So I have a construct called packet
struct Packet {
unsigned int packet_type;
wchar_t packet_length[128];
wchar_t file_name[256];
wchar_t template_name[256];
wchar_t file_name_list[1024];
wchar_t file_data[1024];
void serialize(char * dat) {
memcpy(dat, this, sizeof(Packet));
}
void deserialize(const char * dat) {
memcpy(this, dat, sizeof(Packet));
}
};
I'm trying to desieralize from this data
{byte[2692]}
[0] 0 unsigned int packet_type; (4 bytes)
[1] 0
[2] 0
[3] 0
[4] 50 '2' wchar_t packet_length[128]; (128 bytes)
[3] 0
[5] 54 '6'
[3] 0
[6] 57 '9'
[3] 0
[7] 50 '2'
[8] 0
[...] 0
[132] 112 'p' wchar_t file_name[256]; (256 bytes)
[133] 0
[134] 104 'h'
[...] 0
But the memcpy in deserialze isn't giving me the file_name, but it does give me the packet_length. What's up with this? Thanks!
EDIT:
So it's clear to me now that wchar_t is taking up more space than I once thought; however, I'm being told not to use memcpy at all?
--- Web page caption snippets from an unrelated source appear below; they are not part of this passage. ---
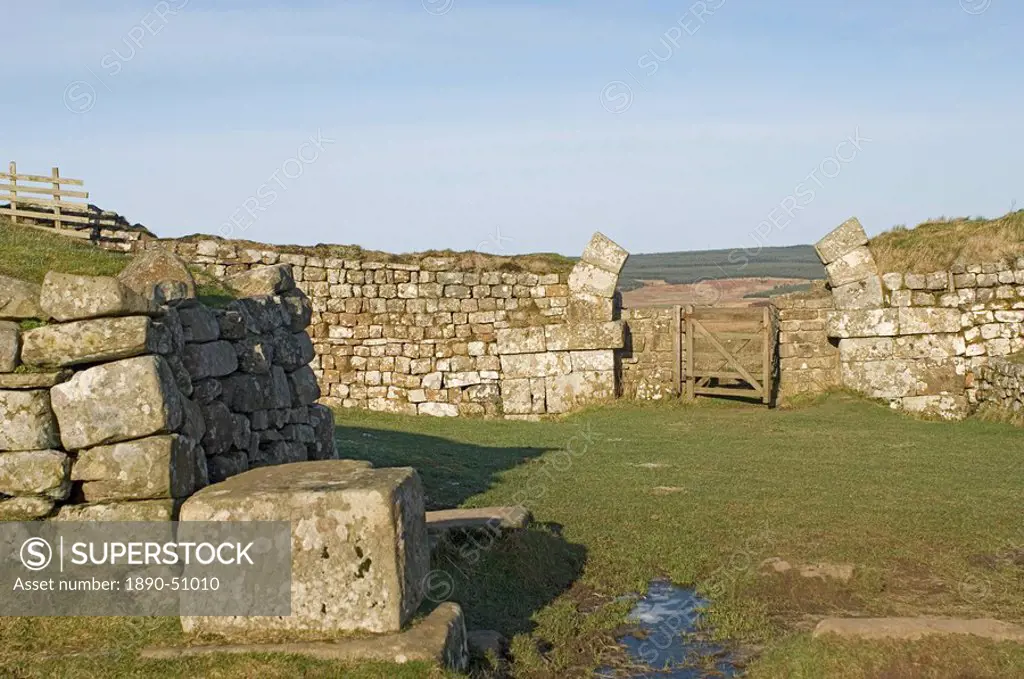 Milecastle 37, with remains of arched gateway, leading out on north side to a steep drop, Roman Wall west of Housesteads, UNESCO World Heritage Site, ...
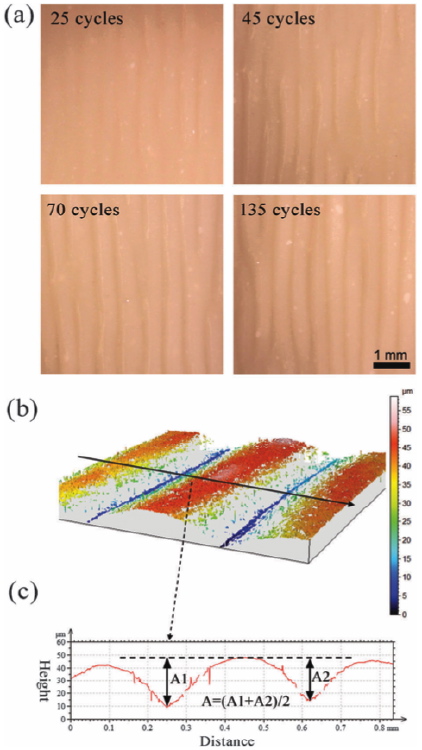 Ridge formation (buckling) in plastic liquid films on elastomers by ratcheting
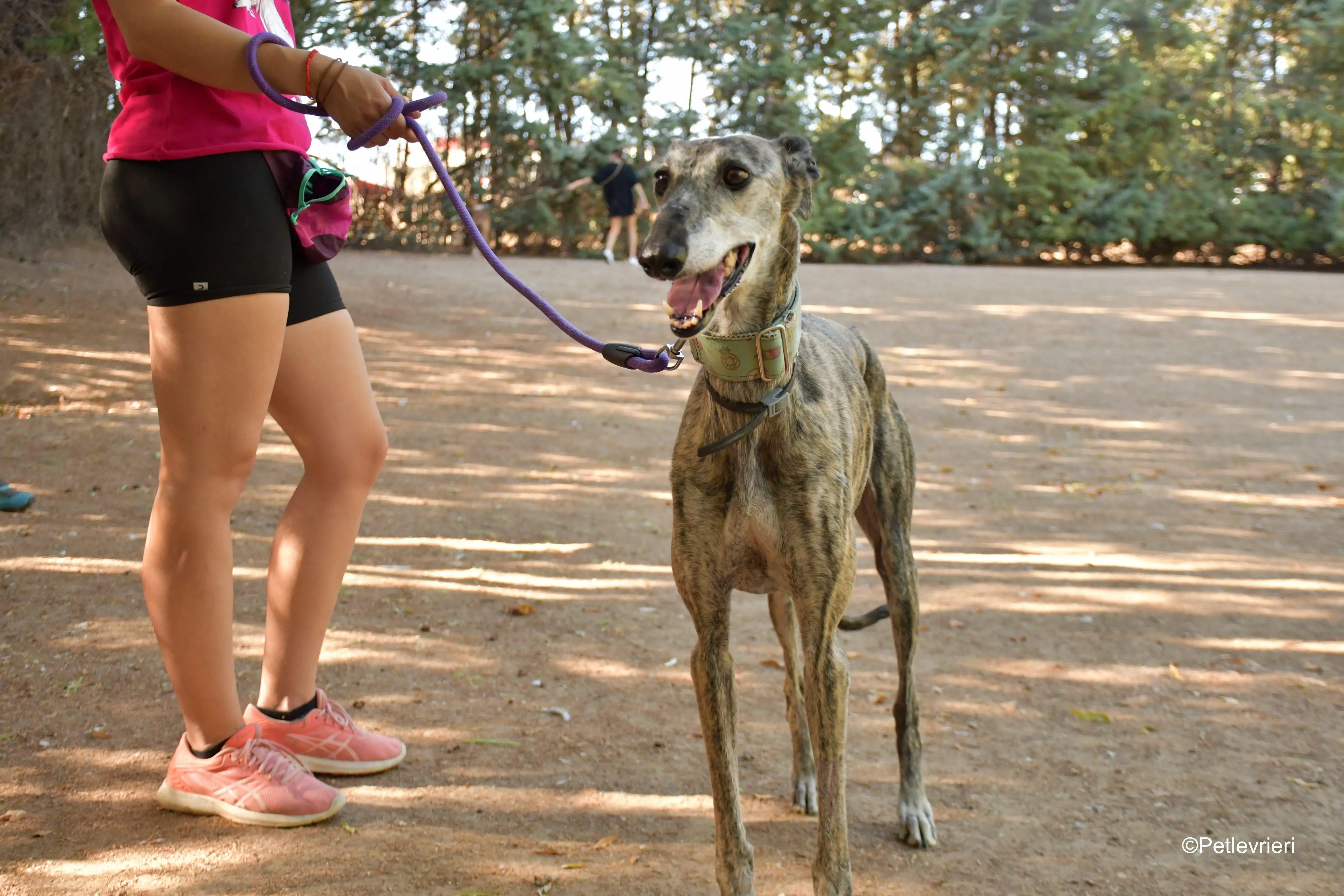 linda adozione levrieri galgo 3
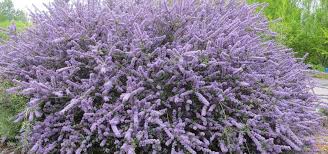 Maybe you would like to learn more about one of these? Drought Tolerant Ceanothus Makes A Beautiful Addition To The Garden Oregon State University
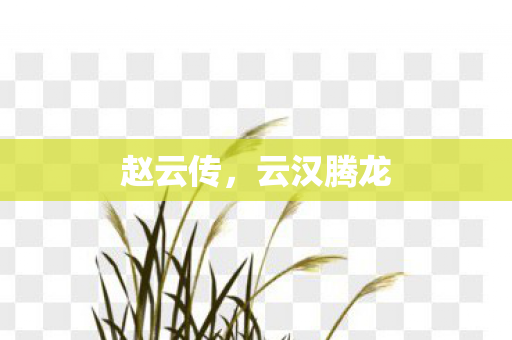 赵云传，云汉腾龙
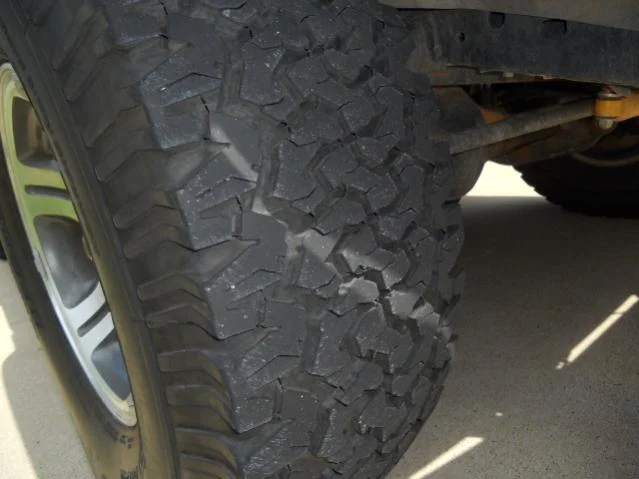 DSCN6937.webp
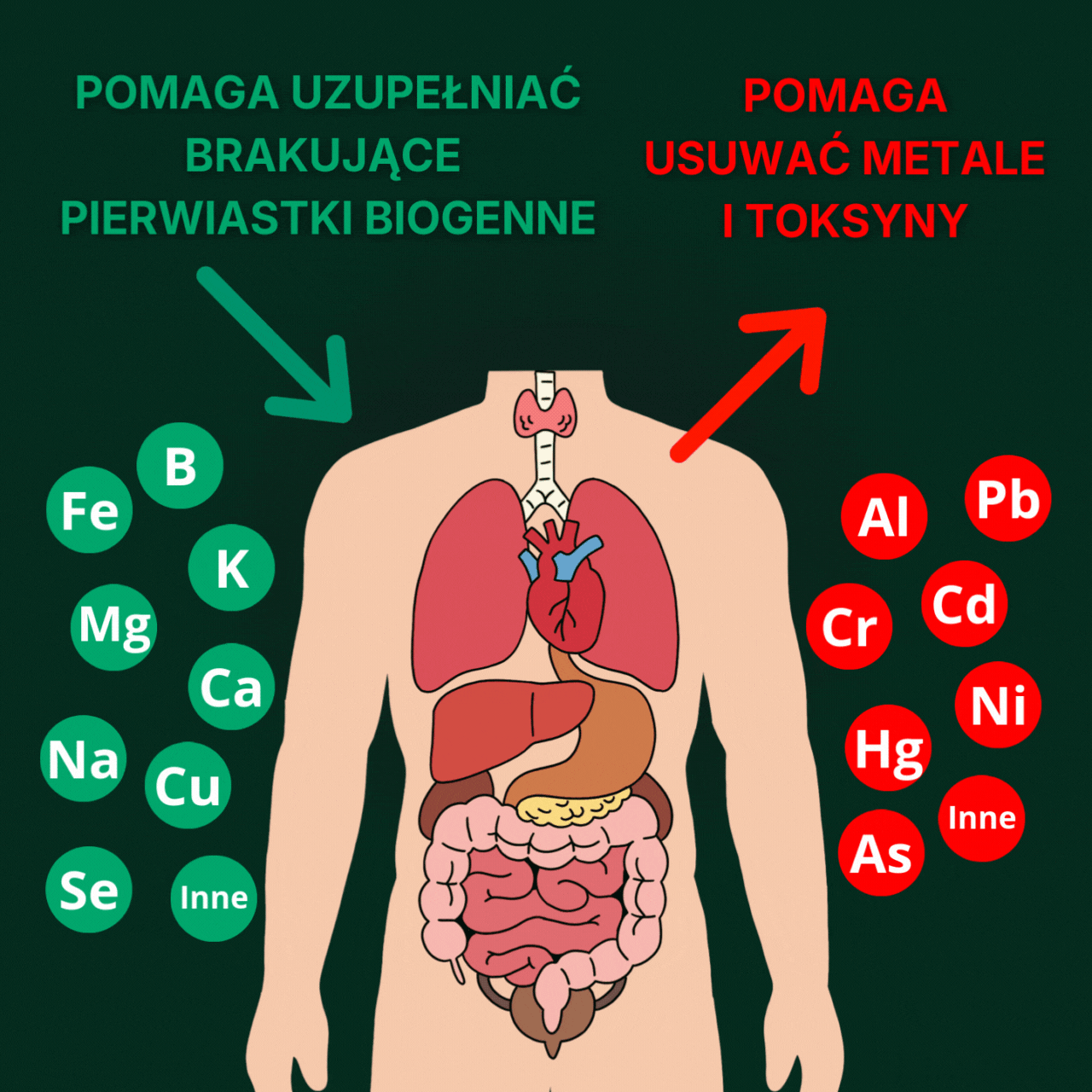 HUMAC® Nativ C+Se+Zn | 60 kaps.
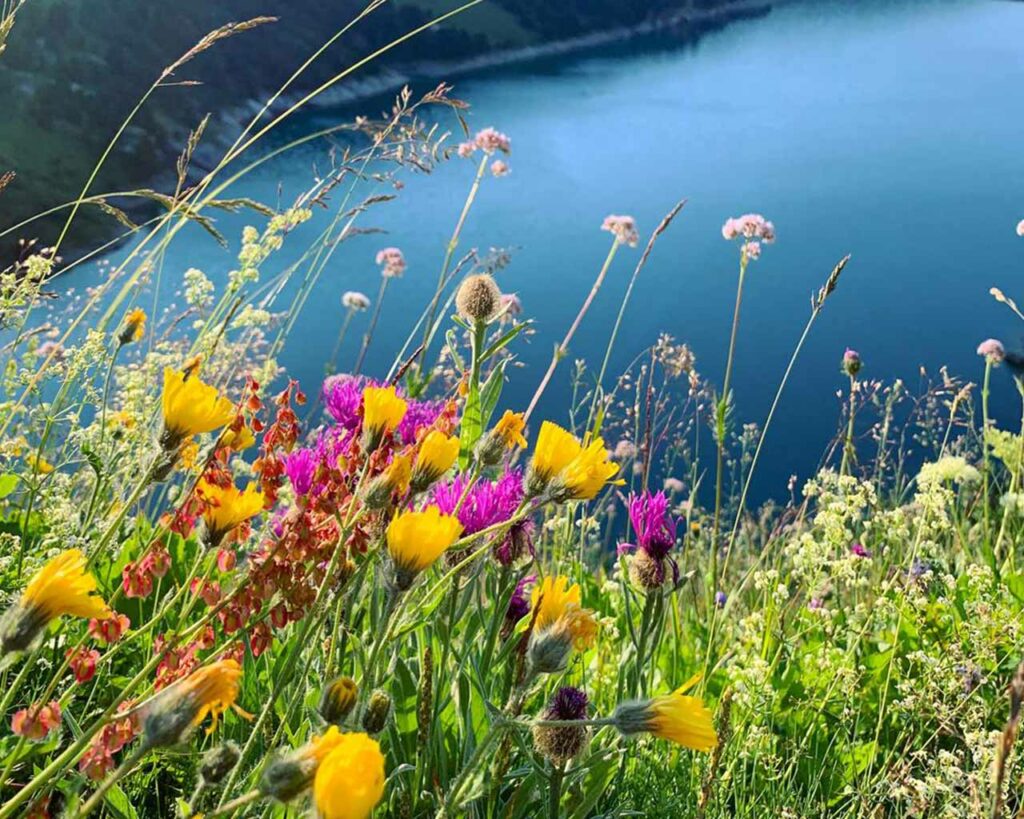 Aussois abrite une faune et une flore exceptionnelles. Un tiers de la flore française est représentée en Vanoise.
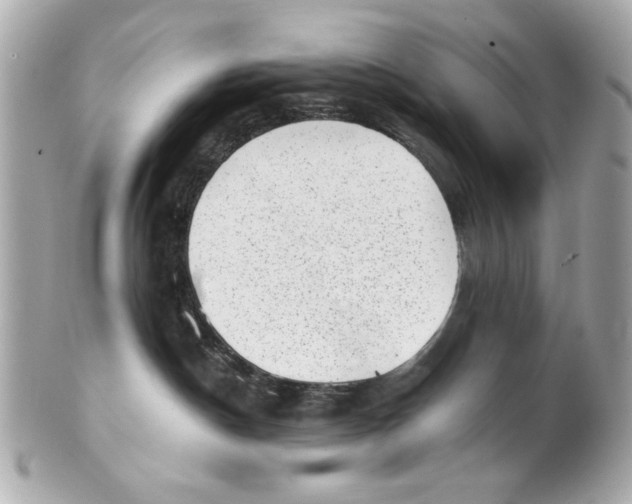 X0000101650190200807311421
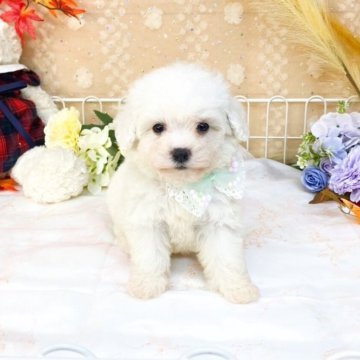 ビションフリーゼ【滋賀県・男の子・2025年9月17日・ホワイト】の写真「おっとり可愛い男の子🍀」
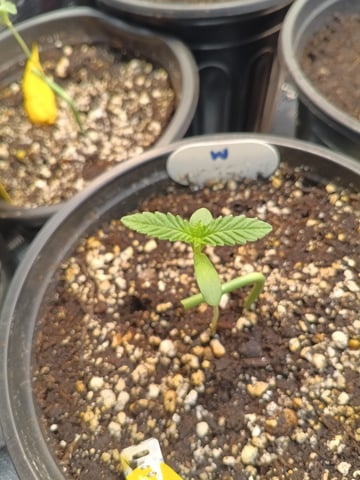 OG KUSH — germination, day 6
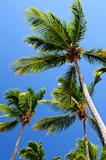 Palms on blue sky background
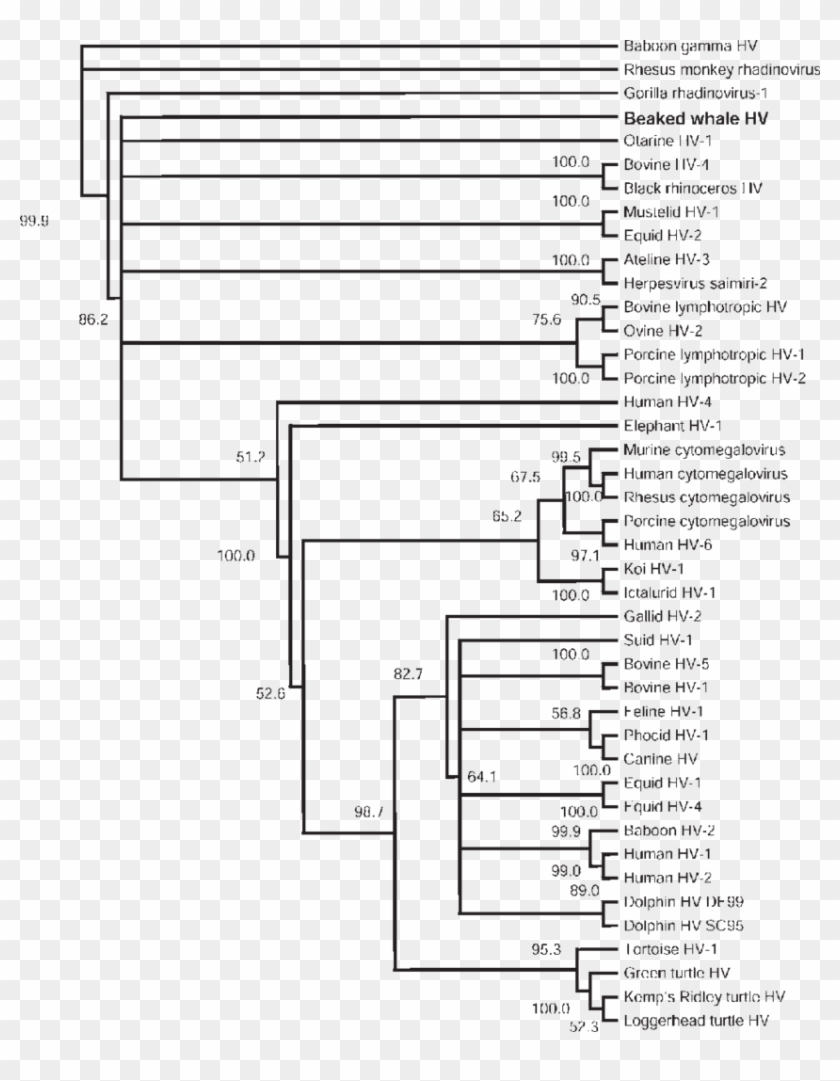 Cladogram Of Spiders Clipart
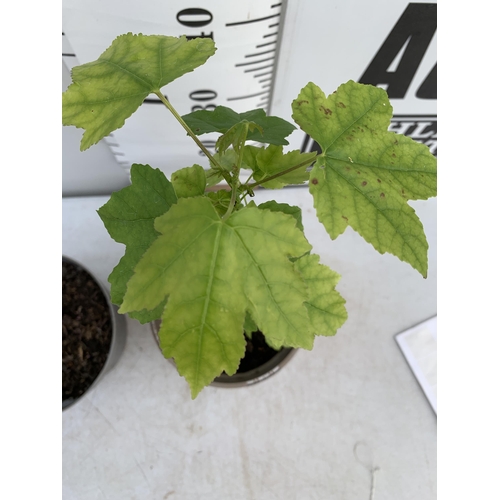 205 - TWO SWEET GUM LIQUID AMBAR STYRACIFLUA TREES APPROX 60CM IN HEIGHT IN 3LTR POTS PLUS VAT TO BE SOLD ... 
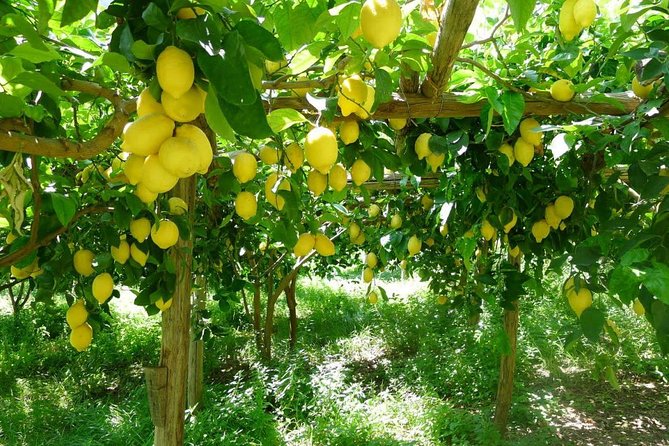 Discover Sorrento with food tasting and walking Tour - Via San Nicola and I Giardini di Cataldo: Artisan Liqueurs, Marmalade, and Gelato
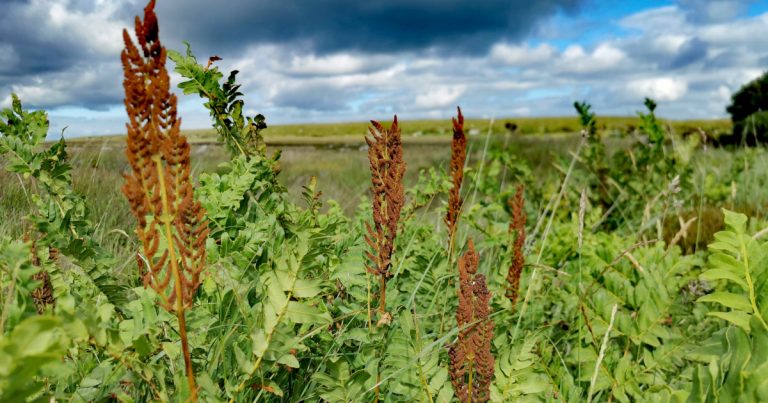  An Raithneach Ríúil Osmunda regalis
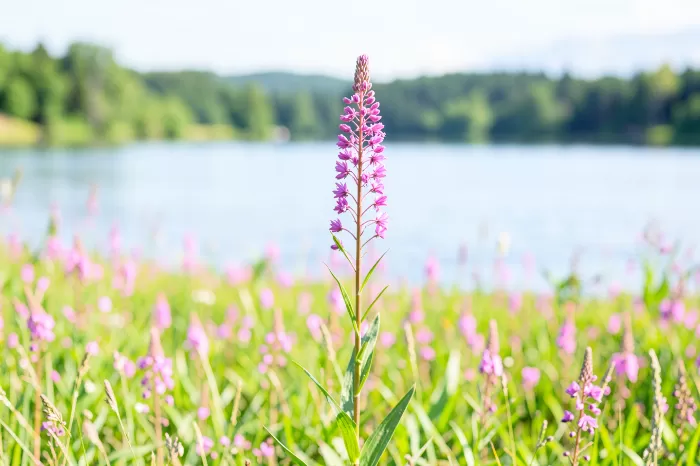 Magenta Meadow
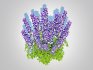 Baptisia australis – False Indigo_Blue - Thumbnail 5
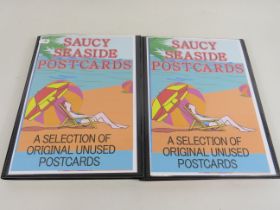 Two Well Presented Albums of Seaside Naughty postcards by Pedro, Rex etc. approx 160+ postcards. See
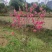 桃花苗，碧桃苗，桃花小苗，桃花苗批发，产地发货，包邮。
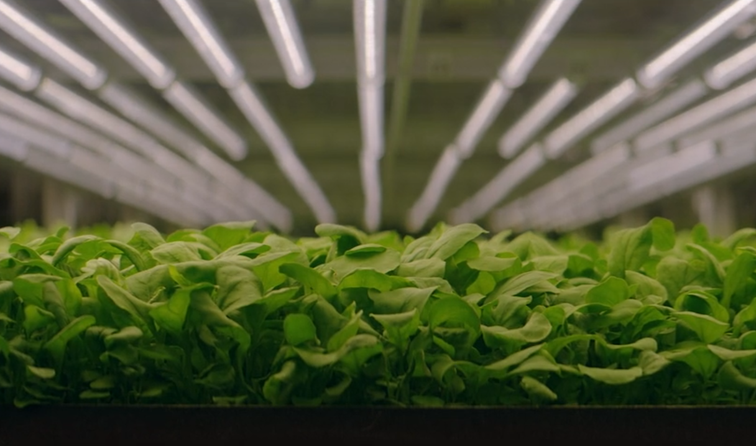 Food Security And Urban Farming – Geography – Years 9&10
I've written this deserialize method and it grabs the data correctly. Will this still cause a security leak?
void deserialize(const char * dat) {
memcpy(&(packet_type), dat, 4);
memcpy(&(packet_length[0]), dat + 4, 128);
memcpy(&(file_name[0]), dat + 132, 256);
memcpy(&(template_name[0]), dat + 388, 256);
memcpy(&(file_name_list[0]), dat + 644, 1024);
memcpy(&(file_data[0]), dat + 1668, 1024);
}
Please do not use this method for serializing structures. It's utterly non-portable.
Moreover, the compiler might as well pad, align or reorder members depending on the target architecture, endianness, optimizations and a bunch of other things.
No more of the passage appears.